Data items
________
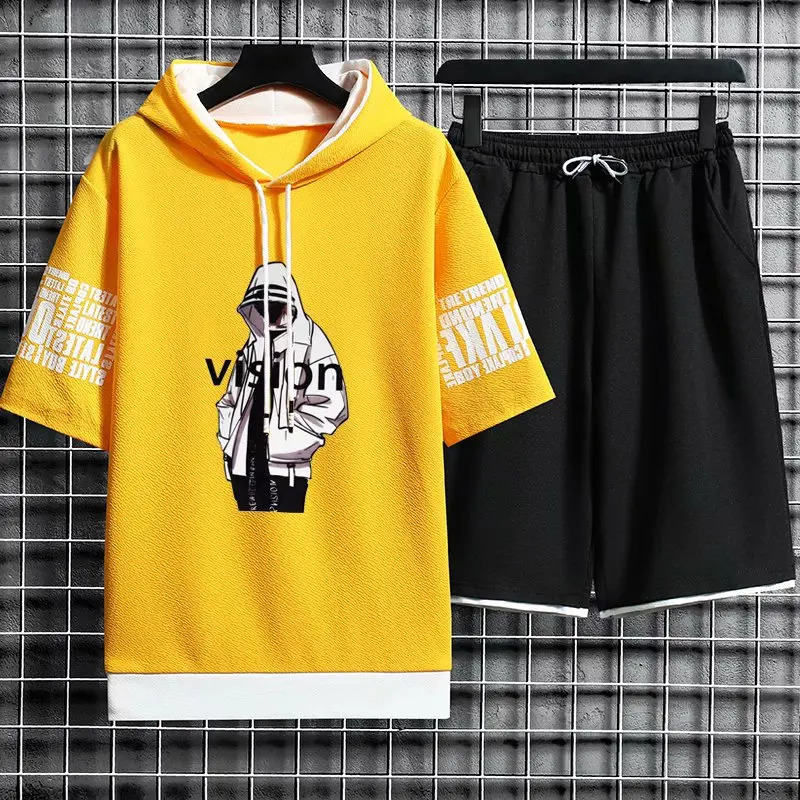 Streetwear Men's Sets Japan Men Clothing Print Hooded Short Sleeve T Shirts+Casual Elastic Waist Shorts Fashion Tracksuit Men
Streetwear Men's Sets Japan Men Clothing Print Hooded Short Sleeve T Shirts+Casual Elastic Waist Shorts Fashion Tracksuit Men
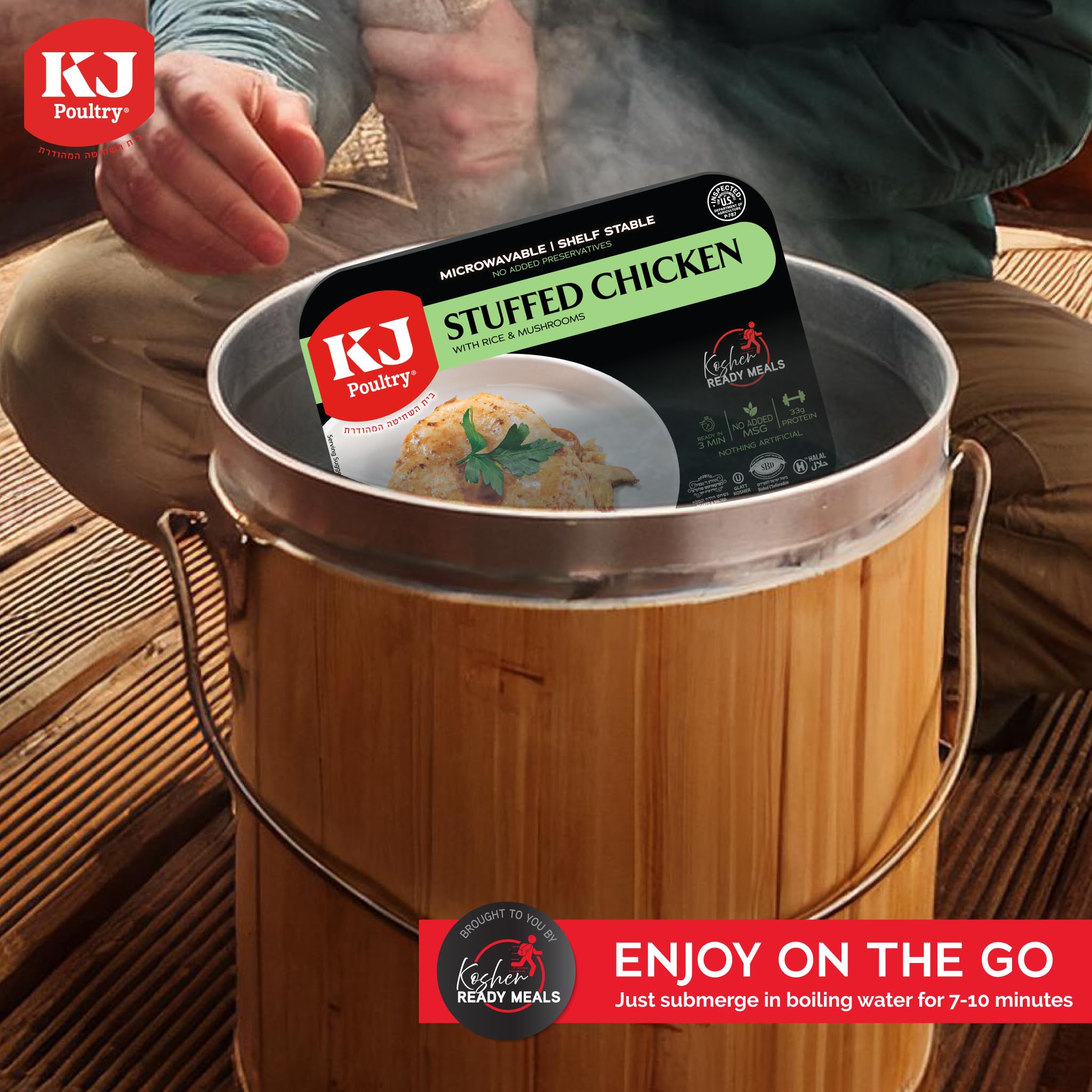 KJ Poultry single pack held in hand to show compact size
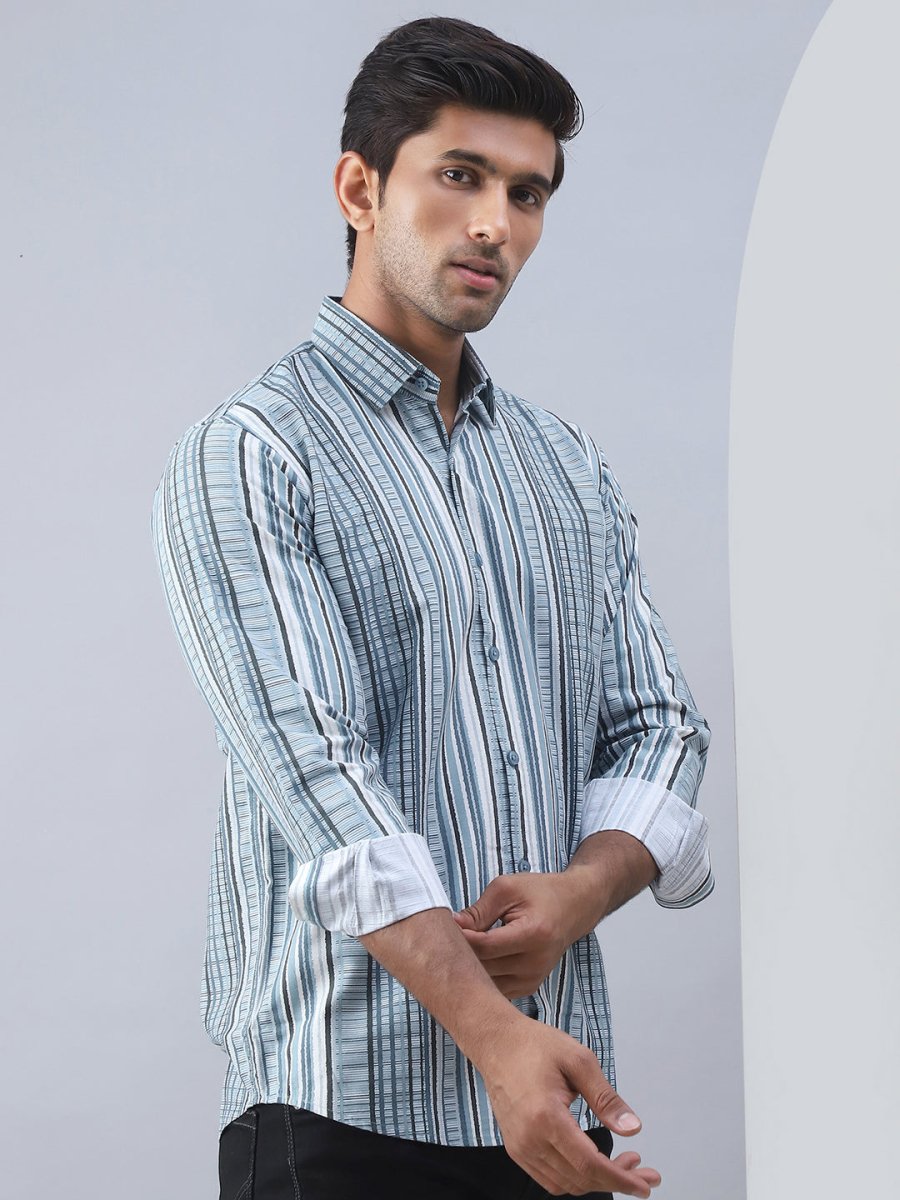 Striped Cotton Casual Shirt For Men - SF_980Blue_S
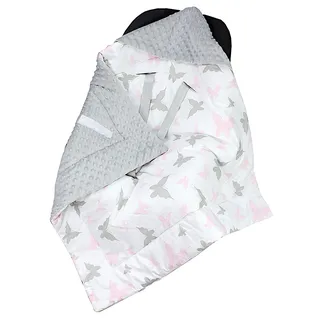 TupTam Baby Winter Einschlagdecke Babydecke 75x75cm für Autositz Babyschale Wattiert Minky Baumwolle Universal, Farbe: Schmetterling Hellgrau/Rosa, Größe: Einheitsgröße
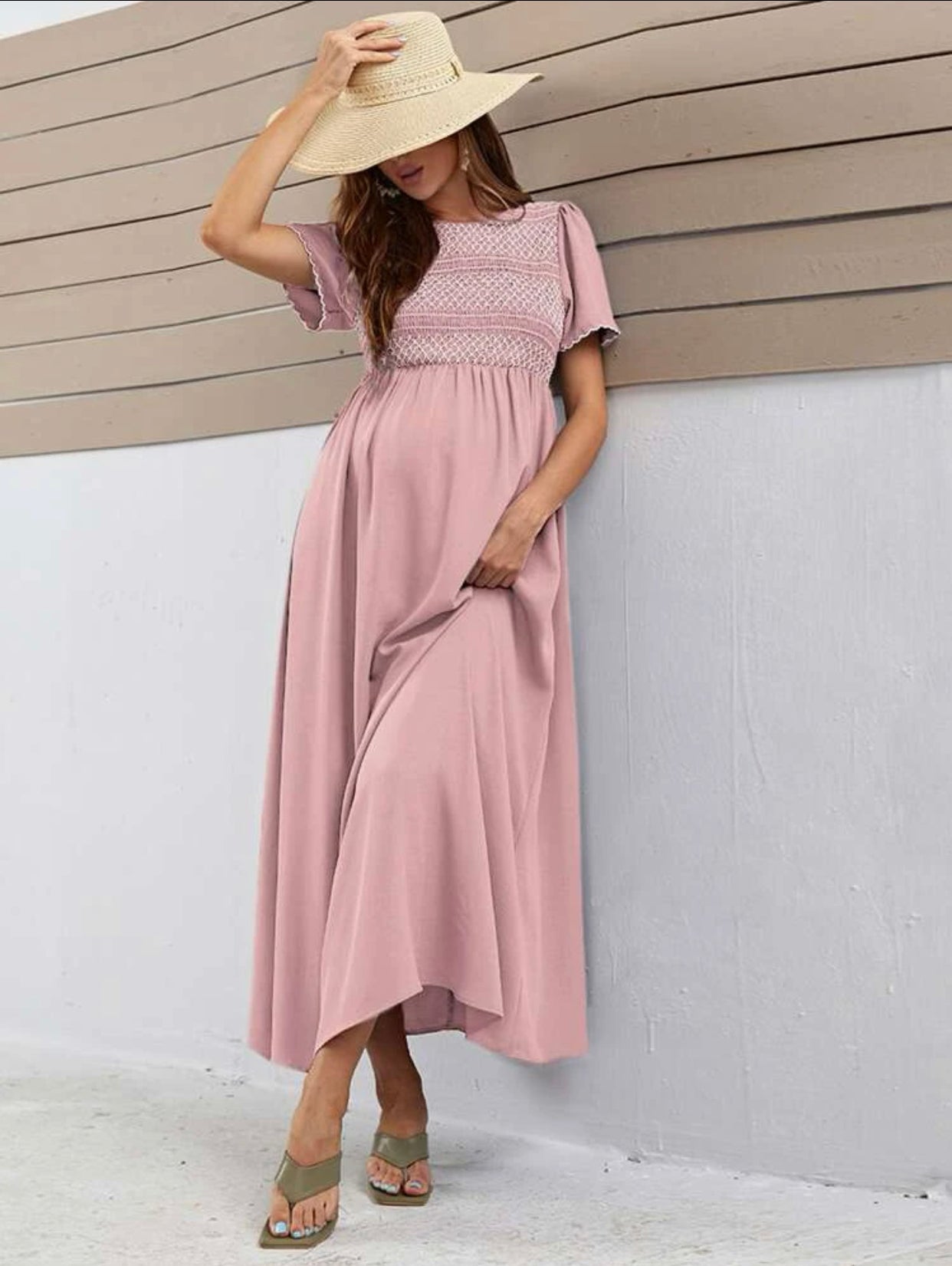 Maternity keyhole back wavy sleeve edge dress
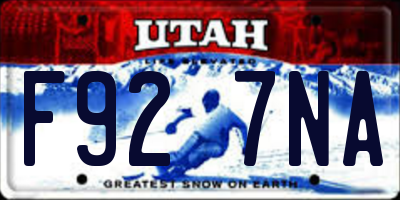 UT license plate F927NA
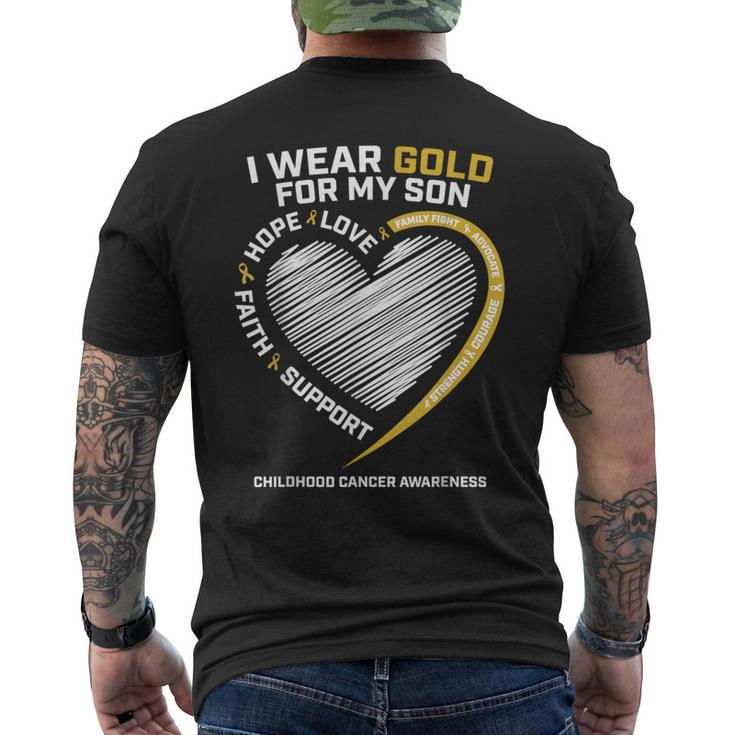 Mom Dad I Wear Gold For My Son Childhood Cancer Awareness Men's T-shirt Back Print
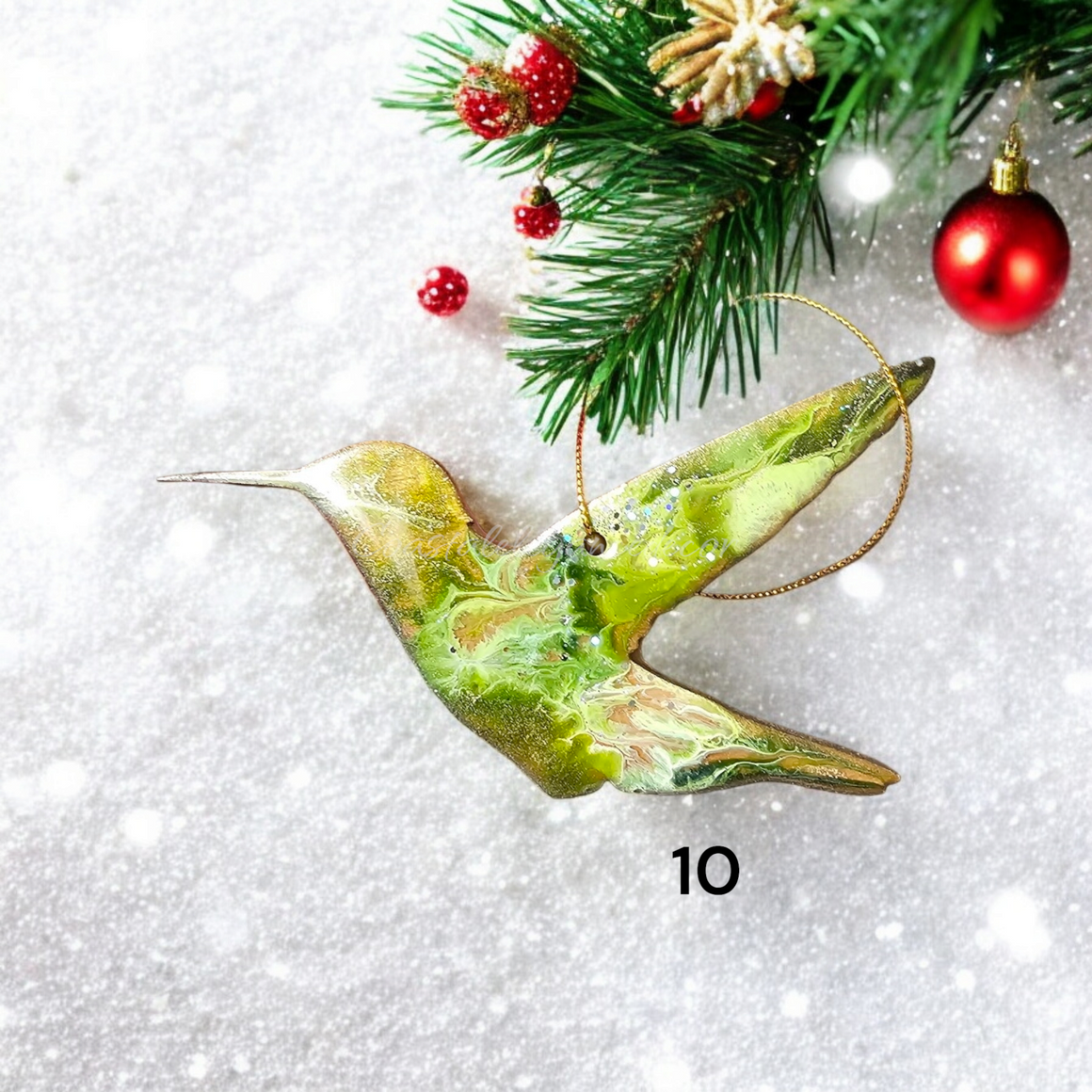 5 Inch Sparkly Handmade Resin and Wood Hummingbird Christmas Ornaments - Vibrant pink and red hues with glitter accents, capturing the beauty of a handcrafted hummingbird design.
________
- **EXERCISE**
Retype each entry precisely. Skip images entirely.

- **RESULT FOR THIS EXERCISE**
 Streetwear Men's Sets Japan Men Clothing Print Hooded Short Sleeve T Shirts+Casual Elastic Waist Shorts Fashion Tracksuit Men
Streetwear Men's Sets Japan Men Clothing Print Hooded Short Sleeve T Shirts+Casual Elastic Waist Shorts Fashion Tracksuit Men
 KJ Poultry single pack held in hand to show compact size
 Striped Cotton Casual Shirt For Men - SF_980Blue_S
 TupTam Baby Winter Einschlagdecke Babydecke 75x75cm für Autositz Babyschale Wattiert Minky Baumwolle Universal, Farbe: Schmetterling Hellgrau/Rosa, Größe: Einheitsgröße
 Maternity keyhole back wavy sleeve edge dress
 UT license plate F927NA
 Mom Dad I Wear Gold For My Son Childhood Cancer Awareness Men's T-shirt Back Print
 5 Inch Sparkly Handmade Resin and Wood Hummingbird Christmas Ornaments - Vibrant pink and red hues with glitter accents, capturing the beauty of a handcrafted hummingbird design.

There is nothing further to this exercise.